Cover art by George Parrish, 1987

Tac Air is a board wargame published by Avalon Hill in 1987 that is based on a wargame originally developed for the US Navy.

==Description==
Created during the Cold War, Tac Air is a two-player wargame that hypothesizes that the Cold War has gone hot and Warsaw Pact forces have invaded southern Germany in the area of the Main River between Bamberg and Bayreuth. The game simulates NATO's attempts to blunt the invasion using a combination of ground forces and tactical air support.

===Components===
The game contains:
- Two-piece 22" x 32" mounted map scaled at 1 nautical mile (1852 m/2025 yd) per hex. Some scenarios only use half of the map board.
- More than 500 die-cut counters
- Basic rulebook
- Advanced rulebook
- Various game aids and charts
- Two six-sided dice

===Gameplay===
The game includes twelve scenarios:
- Five scenarios using only the Basic rules.
- Seven scenarios using an increasing number of Advanced and Optional Advanced rules.

==Publication history==
In the 1980s, the Research and Studies for the Office of Net Assessment (OSD/NA) of the US Department of Defense developed a number of wargames to be used at Maneuver Combat Training Centers (MCTC).
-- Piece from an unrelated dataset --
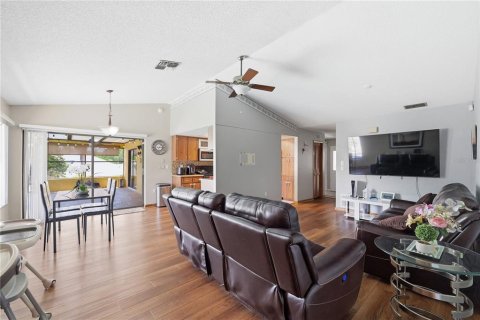 Villa ou maison à vendre à Spring Hill, Floride: 3 chambres, 164.81 m2 № 2120939 - photo 23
Several of these wargames were subsequently sold to companies, which developed them as commercial products. One of these, FEBA (Forward Edge of Battle Area), a wargame developed by Major Mark Thibodeau, Captain Matt Cathay, and Captain Wayne Close, was sold to Avalon Hill. The game was retitled Tac Air, revised, and adapted for commercial release by former USAF pilot Gary C. "Mo" Morgan, with rules development by S. Craig Taylor, cartography and graphics by Charles Kibler, and box art by George Parrish. Avalon Hill published Tac Air in 1987.

==Reception==
Ellis Simpson reviewed Tac-Air for Games International magazine, and gave it 3 1/2 stars out of 5, and stated that "Tac-Air may be something of a missed opportunity in the realism stakes, but it is a good game. with the information available, it would only take a minute's tinkering, at little cost to playability to address some of the realism issues."

==Reviews==
- Fire & Movement #68
- Casus Belli #47

==Awards==
Tac Air won the Charles S. Roberts Award for "Best Post–World War Two or Modern Game of 1988", and was a finalist for "Best Wargaming Graphics of 1988".